His Majesty King Letsie III implored the government and development partners to sympathise with the institution and also urged the university to be more innovative.
“Adequate financial resources are required for lecturers and students to do the necessary tests, experiments and research in the laboratories in order for their ideas to become viable business concepts that can be developed.
“We are mindful of the rather dire economic situation our country faces, coupled with the competing demands for resources from different sectors; however, we hope that the pleas for adequate funding for the university will be met with a sympathetic ear by the government and also our development partners.
At the same time, I would like to add that it is imperative for the university and all institutions of higher learning to search for alternative sources of revenue in order to reduce the high dependence on government subventions,” he said.
His Majesty King Letsie III said in the two-year-old tenure of the council, several new programmes were developed and presented to it on higher education for accreditation. Of these, over 30 have been offered probationary accreditation status until 2023 while two programmes have received full accreditation.
“We applaud this important achievement and take pride in the fact that our university is modernising its programmes in response t the needs of the society.
“The establishment of the NUL Water Institute (NULWI) for which recruitment purposes for lecturers is underway in readiness for the approval and accreditation of programmes, is another groundbreaking project to boast about. I have been reliably informed that plans are afoot to start offering programmes under the water institute in the second half of 2019.
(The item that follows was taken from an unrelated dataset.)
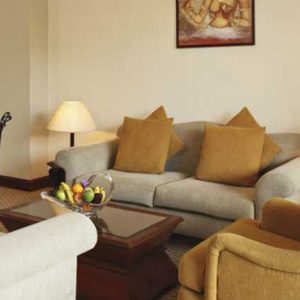 Sri Lanka Honeymoon Packages Earls Regency Kandy Sri Lanka Mountbatten Suite 2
“The progress registered towards the establishment of the school of engineering is a positive development that has great potential to develop our human capital in those critical areas that will ensure that Lesotho achieves her aspirations for accelerated economic development. Importantly, the approval by the government to provide funding for the implementation of this significant project provide a much-needed stimulus towards bringing to fruition this important project.
“We are all aware that in addition to a plethora of related benefits, such a school would cut costs of training engineers for Lesotho by more than half,” His Majesty King Letsie III said.
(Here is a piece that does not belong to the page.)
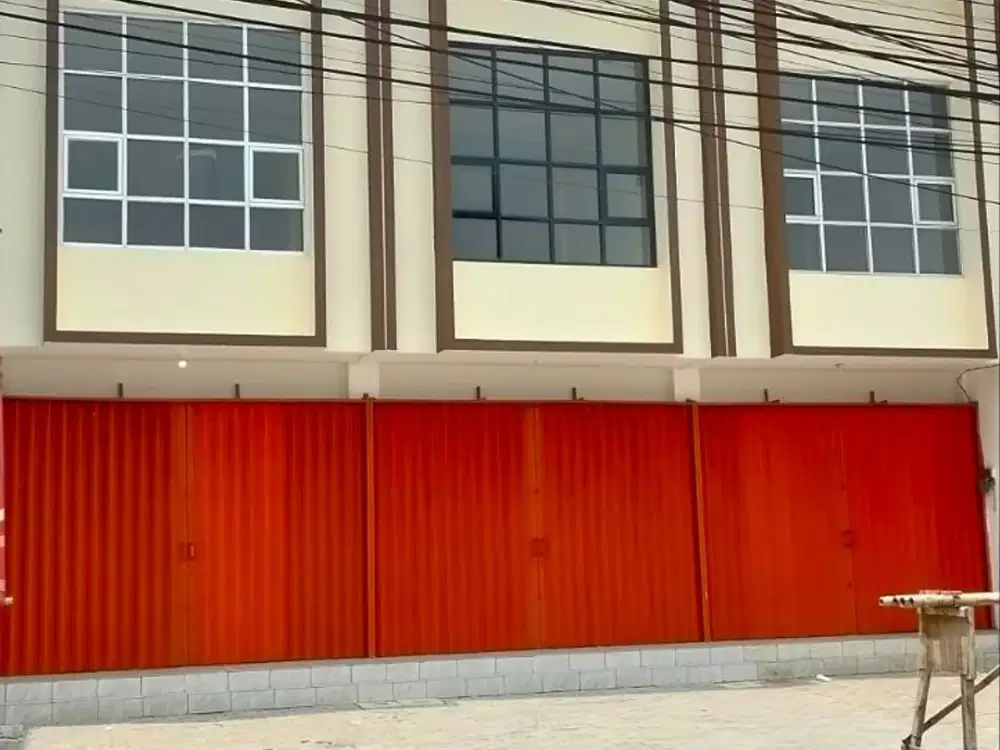 ruko gandeng komersil strategis pinggir jalan di kemang raya cilodong depok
He also hailed the launch of the institution’s innovation hub in November 2018, a concept which he said could address the plight of unemployed youths and stimulate the stagnant economy.
For his part, chairperson of the NUL council Tseko Bohloa said the meeting was in fulfilment of the requirements of the governing instruments of NUL.
He said the council was obliged by these same instruments to give an account on matters which they worked on during the period under review and to present an outlook for the year ahead.
“As the end of term of office for the 13th Council approaches, it is appropriate to look back at the journey that has been travelled and apart from being punctuated by the challenges which arose from the inadequacy of resources, has been marked by conditions of stability that permitted leaning to proceed without major interruptions,” Mr Bohloa said
He said the council considers it appropriate to applaud the efforts of the Vice-Chancellor, Professor Nqosa Mahao and his management team for providing the correct leadership and upholding healthy relations between itself and other key players within the realm of human capital development.
The Deputy Minister of Education and Training, Mothepu Mahapa, said the occasion afforded the government a vital opportunity to highlight policy issues that are in line with the core mandate of the NUL, particularly the government’s strategic direction on the troika of the university’s responsibility on teaching and learning, research and community engagement.
“My ministry aims to work even better with the university for example’ in the proposed Secondary School Curriculum Dissemination Strategy. NUL as a teacher training institution is expected to devote time providing training for teachers on the new curriculum as part of teacher professional development,” Mr Mahapa said.